A different phrasing of the same concept is “classic rookie mistake.” That seems a politer phrase, as longer phrases often are, because it includes implications that the mistake is born of ignorance and is common, rather than someone particularly wrong with the target, while still allowing the speaker to feel superior. An even politer phrasing would be, “Yes, that is a common difficulty for new players.”

One part of the insulting nature of “git gud” is its brevity. It is not just insulting of your ability, it is dismissive and blatantly so in that you are worth neither proper spelling nor capitalization. No explanation, just six letters. For extra insult, there are places that require a minimum number of characters to post, so you see something like:

git gud

The response is not just dismissive; it went to extra effort to point out how little effort they thought you were worth in replying to.

And here is the dark secret: sometimes, that’s fair.

The person entering a serious conversation without 101 knowledge should be dismissed, and you should not stop the serious discussion for a remedial lesson because there will be another newbie on the next bus. You just point to the 101 course, and if they are loudly indignant about being dismissed, that says more about someone who will not take the time to educate himself but expects you to take the time to educate him. And remember, they think they’re right, so they’re not angry that you won’t educate them, but rather angry both that you think they need to be educated but smugly refuse to explain why. To most people, the personal slight is greater than the factual dispute.

The person asking a question that was just answered, either on a forum or in a meeting where they were distracted by their phone, should be pointed back to the previous discussion. It wastes everyone else’s time to go over it again when there are notes readily available.

The white belt expecting to immediately be treated on par with the black belts should be punched in the face.

Kill Ten Rats was founded as an MMO blog before gradually drifting into online gaming then “online” and “gaming” more generally. In an MMO, it makes perfect sense to say, “You’re not high enough level to do that yet.” Skill-based games may not have that explicit level, but it can still very much be the case that you’re not high enough level to do that yet. The hard fight is hard, and you are not ready for it yet.

And then some people are just jerks.

Just like we mentioned and then set aside people who are polite and considerate, because they tend to take care of themselves without causing noise or trouble, there are also people who respond politely and considerately. They do not cause much noise either. There are people who take reasonable advice and go apply it. There are people with whom you can have reasonable discussions across wide gaps in knowledge and across very differing lived experiences.

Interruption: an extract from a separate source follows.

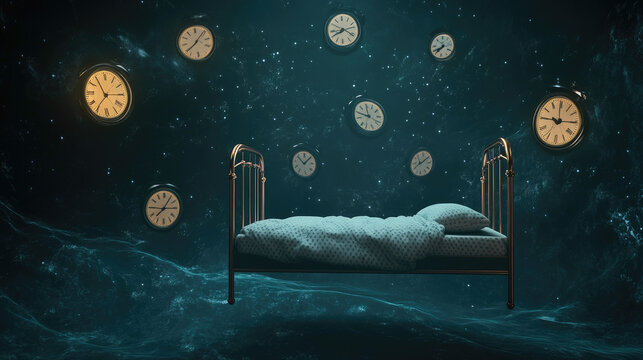 A floating bed in a dark void surrounded by glowing clocks, symbolizing the anxiety of sleep disorders.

It takes some serious community tools and norms to make those people more prominent. Most often, the angriest voices are the loudest ones. Agreement happens quickly and quietly. Arguments are loud and lasting. People who are there to learn learn. People who are there to complain keep complaining. People who are there to help newcomers point them in the right direction. People who are there to mock newcomers want to keep them as ignorant and prominent targets.

For some people, being aggrieved and giving others grief is the goal, not a problem. We have a term for that in gaming. And I just spent 1714 words discussing that conflict, while it takes 4 words to say, “nice people are nice.”